Pas du genre à baisser les bras
Problème : en janvier 2017, Donald Trump annonce la création de son tristement célèbre travel ban, qui interdit aux ressortissants de plusieurs pays à majorité musulmane d’entrer sur le territoire américain. Lual comprend que la situation se complique pour lui, même si le Soudan du Sud n’est pas concerné.
Pas du genre à baisser les bras, il “travaille, travaille, travaille” et, en devenant finaliste du programme américain aidant les start-up produisant des innovations technologiques au service de la paix, obtient un visa et s’installe à Washington.
Ici, il est heureux : “Je rencontre plein de gens. Je suis content : ils voient le futur en moi.” Pas naïf pour autant, il déplore la politique de Trump, et le fait que, “plutôt que d’essayer de comprendre les réfugiés, qui sont forcés de quitter leur pays pour survivre et qui peuvent apporter plein de choses à leurs pays d’accueil, on les prend pour cible”.
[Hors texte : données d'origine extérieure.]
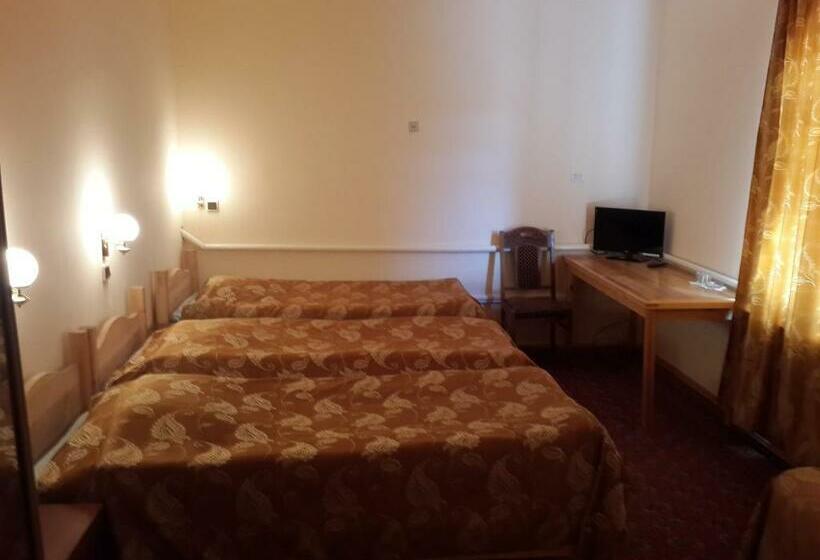 Номер Стандарт Трехместный, Islambek Hotel & Travel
https://www.youtube.com/watch?v=PQJ5Sz8MxIg
Lual parle tous les jours à sa famille, restée dans le camp en Ouganda faute de voir ses demandes d’asile acceptées. Lui aimerait retourner vivre au Soudan du Sud un jour, mais est sceptique sur l’avenir du plus jeune Etat du monde, malgré la signature récente d’un nouvel accord de paix : “Ce sont les mêmes personnes qui avaient signé le précédent cessez-le-feu. Rien ne change. Tant qu’ils n’en auront rien à faire des Sud-Soudanais, la situation n’évoluera pas.”
Lual, lui, continue à se creuser la tête pour tenter de donner aux jeunes de son pays un nouvel horizon. Une nouvelle version de Salaam devrait bientôt sortir, tandis que sa start-up continue à produire des jeux de cartes et même un jeu de société. Il s’appellera “Wahda”. En français, cela veut dire “unité”.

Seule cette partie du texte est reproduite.